### What is expected
Nothing but the pictures should be dropped; repeat the rest of the data below exactly.

### Information shown

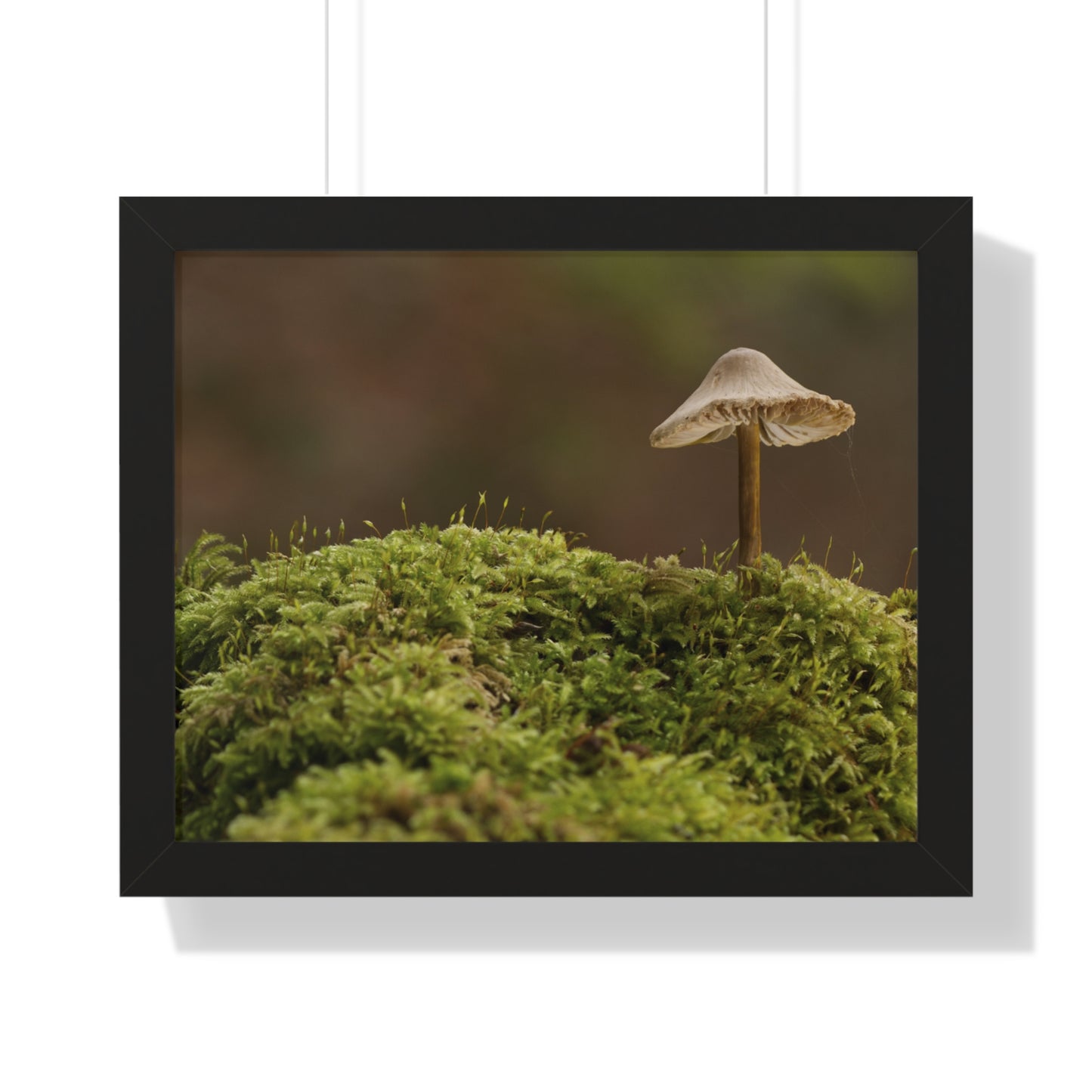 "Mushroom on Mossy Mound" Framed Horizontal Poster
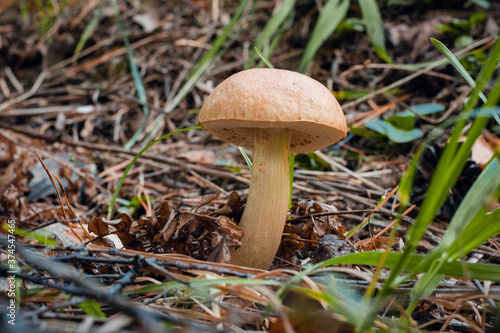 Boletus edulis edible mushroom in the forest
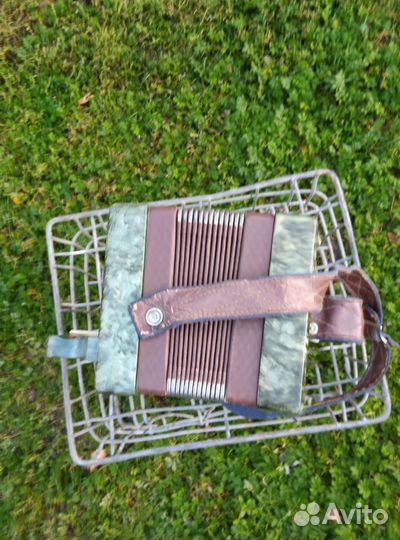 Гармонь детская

### Response to the task
 "Mushroom on Mossy Mound" Framed Horizontal Poster
 Boletus edulis edible mushroom in the forest
 Гармонь детская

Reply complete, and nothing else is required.